A hybrid approach for selecting and optimizing graph traversal strategy for analyzing big code
Is Version Of
Our newfound ability to analyze source code in massive software repositories such as GitHub has led to an uptick in data-driven solutions to software engineering problems. Source code analysis is often realized as traversals over source code artifacts represented as graphs. Since the number of artifacts that are analyzed is huge, in millions, the efficiency of the source code analysis technique is very important. The performance of source code analysis techniques heavily depends on the order of nodes visited during the traversals: the traversal strategy. For instance, selecting the best traversal strategy and optimizing it for a software engineering task, that infers the temporal specification between pairs of API method calls, could reduce the running time on a large codebase from 64% to 96%. While, there exists several choices for traversal strategy, like depth-first, post-order, reverse post-order, etc., there exists no technique to choose the most time-efficient strategy for traversals. In this paper, we show that a single traversal strategy does not fit all source code analysis scenarios.
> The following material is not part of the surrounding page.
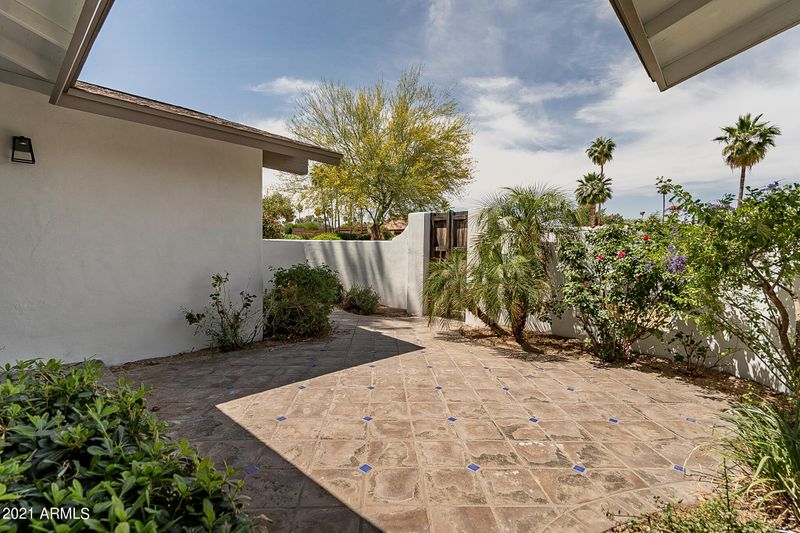 2541 E Cochise Rd, Phoenix, AZ 85028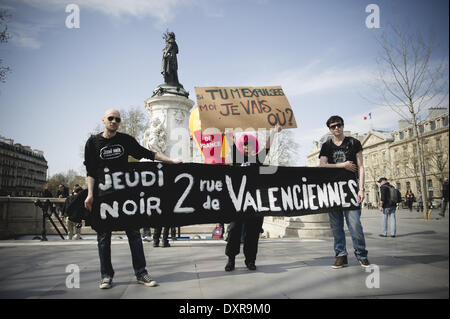 Parigi, Francia. 29 Mar, 2014. Le persone prendono parte a una manifestazione organizzata dalla Associazione Francese 'droit au Logement" (diritto di alloggiamento) contro le espulsioni di massa e di energia che si verificano di arresto prima che il cosiddetto inverno rompe il 29 marzo 2014 a Parigi. (Zacharie Scheurer) Credito: Zacharie Scheurer/NurPhoto/ZUMAPRESS.com/Alamy Live News Foto Stock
Somewhat more surprisingly, we demonstrate that given the source code expressing the analysis task (in a declarative form) one can compute static characteristics of the task, which together with the runtime characteristics of the input, can help predict the most time-efficient traversal strategy for that (analysis task, input) pair. We also demonstrate that these strategies can be realized in a manner that is effective in accelerating ultra-large-scale source code analysis. Our evaluation shows that our technique successfully selected the most time-efficient traversal strategy for 99.99%-100% of the time and using the selected traversal strategy and optimizing it, the running times of a representative collection of source code analysis in our evaluation were considerably reduced by 1%-28% (13 minutes to 72 minutes in absolute time) when compared against the best performing traversal strategy. The case studies show that hybrid traversal reduces 80--175 minutes in running times for two software engineering tasks. The overhead imposed by collecting additional information for our approach is less than 0.2% of the total running time for a large dataset that contains 287K
Control Flow Graphs (CFGs) and less than 0.01% for an ultra-large dataset that contains 162M CFGs.